The first car to be pulled off is a Subaru Forester. The driver staggers out and Kimaru announces that he is the first candidate for the evening.
“I am not drunk. I have had alcohol but I am not drunk,” he pleads as he is led to the testing area — the police Land Cruiser’s bonnet.
He is first asked to stand on one leg to test his stability — he fails the test. He has to take the Alcoblow test.
A second officer hands him the nozzle, which he unwraps and fixes to the machine. He blows into the nozzle and his reading is 0.37. The legal limit is a reading of 0.35 and below.
He becomes the first suspect of the night. He hands over his driving licence and car keys before being led to the back of the police car. His female companion, now not sure what will happen, disembarks from the car.
“He is a police officer attached to Nairobi Area,” she pleads with the officers who will hear none of it.
All this time, the police are inspecting every car that drives by, leaning close to the driver’s door as they engage them. Any smell of alcohol and one is promptly asked to step out of the car and take the test.
Almost an hour into the testing, we notice a car speeding towards the roadblock. There is screeching of breaks as everyone, including the traffic officers, dives far off the road. The car smashes into the parked vehicles and then all is quiet.
We get back on the road and the latest suspect is still strapped on his seat — dazed. He is not injured, but a quick glance tells that he is too drunk to comprehend the situation. He is pulled out of the car and taken through the test.
His reading is eight times above the legal limit.
After the scene of the accident is cleared, we are back to business. It is now almost midnight.
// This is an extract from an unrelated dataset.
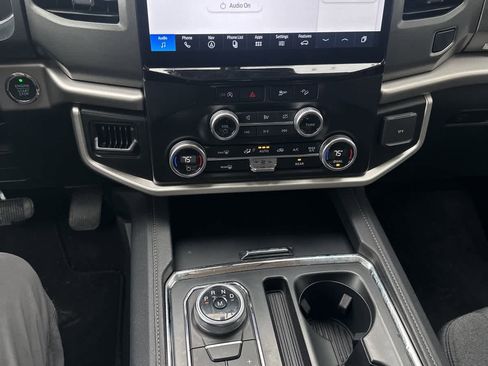 Used 2024 Ford Expedition Max XLT image 22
A white Toyota Premio that hasn’t been stopped pulls off and the driver steps out.
“I am here,” he declares to everyone’s amusement as he staggers towards the testing area. From the way he talks he is clearly drunk, and has brought himself to the slaughter. He is found to be at 3.12.
He is promptly handcuffed and asked to board the police car.
A woman driver refuses to lower her window. After a moment of negotiation, she obliges and is asked to step out of the car. She smiles, oblivious that she is about to face the ultimate test, which she fails.
She becomes the first female suspect.
“I have children in the house,” she pleads as the officers tell her to call someone to pick her car. She speaks on the phone and tries to hand it over to Mr Kimaru.
“Ongea na mkubwa (speak to the boss),” she says.
The commandant dismisses her saying he is the highest authority in traffic. Apparently she had called an Officer Commanding Police Division to help her regain her freedom.
In the Land Cruiser, there are now 10 suspects. An old man who wanted to drive off, but was stopped before he mowed down the officers, is singing in Kikamba.
The woman has not given up — she makes some calls while the driver who smashed into other cars is fast asleep.
The rest are either quiet or chatting to each other. From their conversation, I can deduce that most are coming from the city centre. Others are from Nairobi West while one said he was drinking at a club on North Airport Road.
One of them asks the officer guarding them what will become of them.
“We will take you to Muthaiga Police Station, where you will spend the night,” the officer guarding them answers.